Verification Life Cycle
So what does modern verification flows look like today? Of course, these things vary from company to company - same as with the chip design flows I discussed in the last video. But here is a skeleton outline.
Verification should be embedded throughout the entire design process. So you start with verification planning, creating the test plan, defining the IPs needed, and so on.
The next thing is to verify whether the architecture is correct. Making sure to catch any high level protocol errors while everything is still very abstract and at an early stage.
You might want to create "architectural models", which simulate the device's target use cases and workload. This helps flesh out the device's security, performance and power needs. It also aids with low-level software and firmware development, which is often being done at the same time.
After that is a very intensive step called pre-silicon verification. Here, pre-designed chip IPs are tested to see whether it works as advertised. If the IP has already been pre-verified, that can be skipped, a significant time save. Then the pre-designed IP is integrated into the overall SOC and tested for accuracy at an overall system level. This is repeated as other IPs are added to the final design.
As part of this pre-silicon verification step, it is general practice to prototype the hardware code in emulators or chips called Field Programmable Gate Arrays or FPGAs.
An FPGA is designed to be configurable after fabrication, meaning that they are ideal for testing hardware/software use cases like an OS boot.
Once everything works, the system goes to a fab for fabbing into a chip.
Once the fab does its job, the chip goes through another lengthy and detailed process called post-silicon verification. This is the last step before the chip goes out to customers.
Here, the major benefit is that you are able to run the use case tests on actual silicon hardware. The major drawback however, is that debugging is much more difficult since obviously you cannot easily dissect what exactly is going on inside the thing.
The Verification Gap
Over time, verification has come to take up a significant portion of total product development time. It is often said that functional verification alone takes up 70% of the design team's energy and time in the product development cycle.
I do want to note that this statistic is clearly not a scientific measurement because I have also seen claims of 40%, 50%, and 60% depending on the source. Regardless the point is clear: This stuff is time-consuming.

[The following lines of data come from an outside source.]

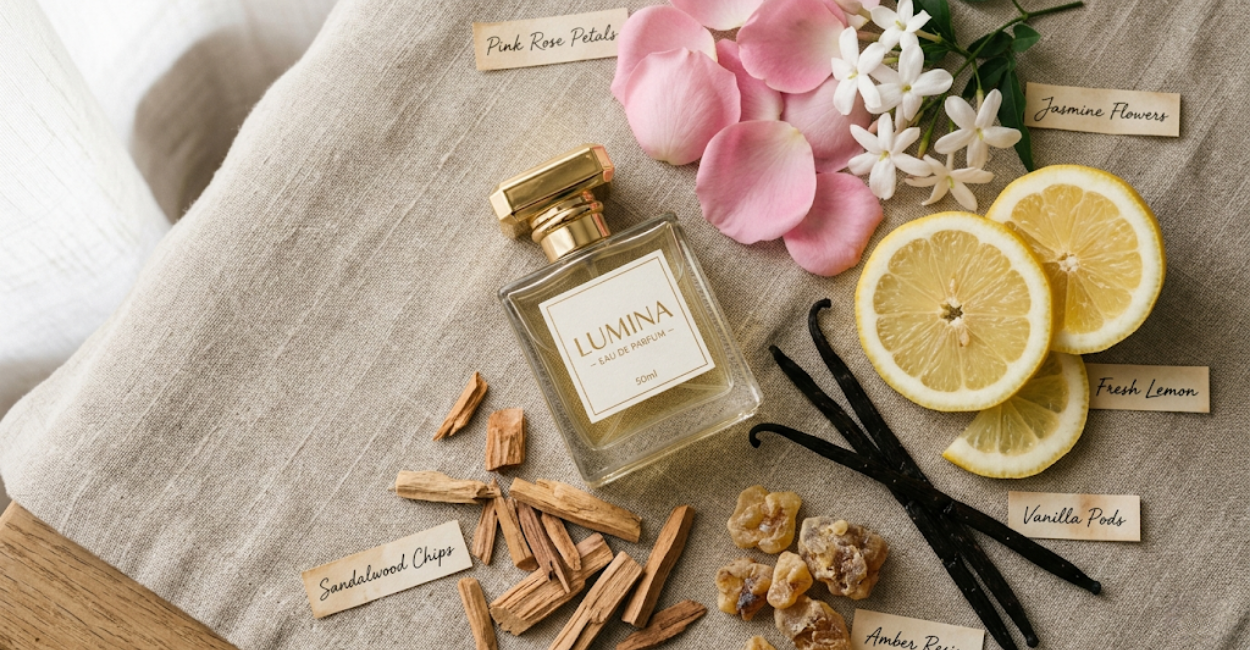 Ultimate guide to fragrance notes – perfume bottle with top, heart and base note ingredients arranged around it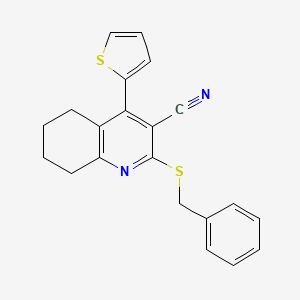 molecular formula C21H18N2S2 B4557006 2-(苯甲硫基)-4-(2-噻吩基)-5,6,7,8-四氢-3-喹啉甲腈 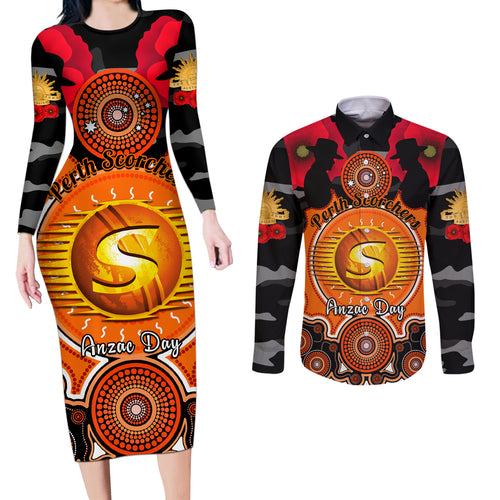 perth-scorchers-anzac-2024-couples-matching-long-sleeve-bodycon-dress-and-long-sleeve-button-shirt-lest-we-forget-poppy-mix-camouflage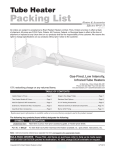 Tube Heater Packing List - Brant Radiant Heaters Limited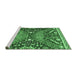 Sideview of Machine Washable Abstract Emerald Green Modern Area Rugs, wshabs2984emgrn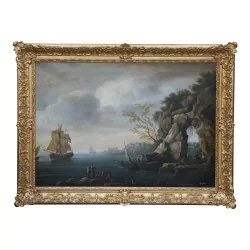 Paire de tableaux “Marine avec personnage”, huile sur toile …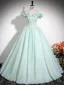 Élégant Vert Citron Robe De Bal 2024 Robe Boule De l'épaule Volants Manches Courtes Dos Nu Longue Promo Robe De Ceremonie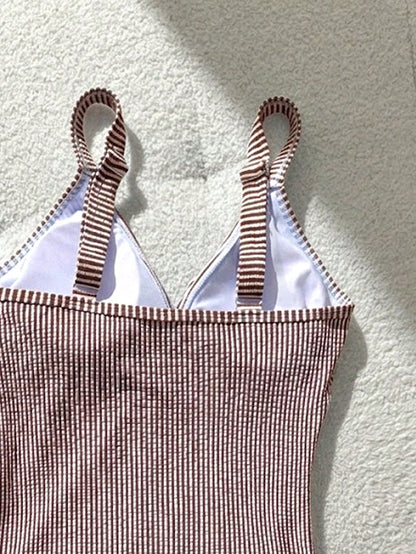 Swim Lushoire 1pc Striped Special Fabric Criss-Cross Front One-Piece Swimsuit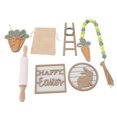 thumbnail image 4 of Bandeja de Pascua con niveles, decoración, conejito, zanahoria, cuerda, cuentas, rodillo, escalera, bandeja de madera para Pascua, 4 of 15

I spoke about the rapid growth in design verification engineer jobs in the past ten or so years. The same study finds that individual chip designers spend a lot of their working time on verification:
> In 2014, design engineers spent on average 47 percent of their time involved in design activities and 53 percent of their time in verification. While in 2018 we found that design engineers spent on average 54 percent of their time involved in design activities and 46 percent of their time in verification.
The expansion in verification jobs and time spent is because of what we call the "verification gap". Modern day verification tools cannot keep up with the accelerating complexity of today's modern chip designs.
The sheer number of test cases that exist, in some cases estimated to be around 10 to the 80th power, means that it is impossible to look at every possible test case in existence. The exploding numbers are exacerbated by a few modern design trends - two of which I want to specifically call out here.
Trend 1: The System on Chip
One of the fastest growing trends in modern chip design is related to the aforementioned SOC. An SOC integrates a whole bunch of different, often pre-designed IP components together on one microchip. The benefits of a SOC design are gains in performance, size, and power consumption.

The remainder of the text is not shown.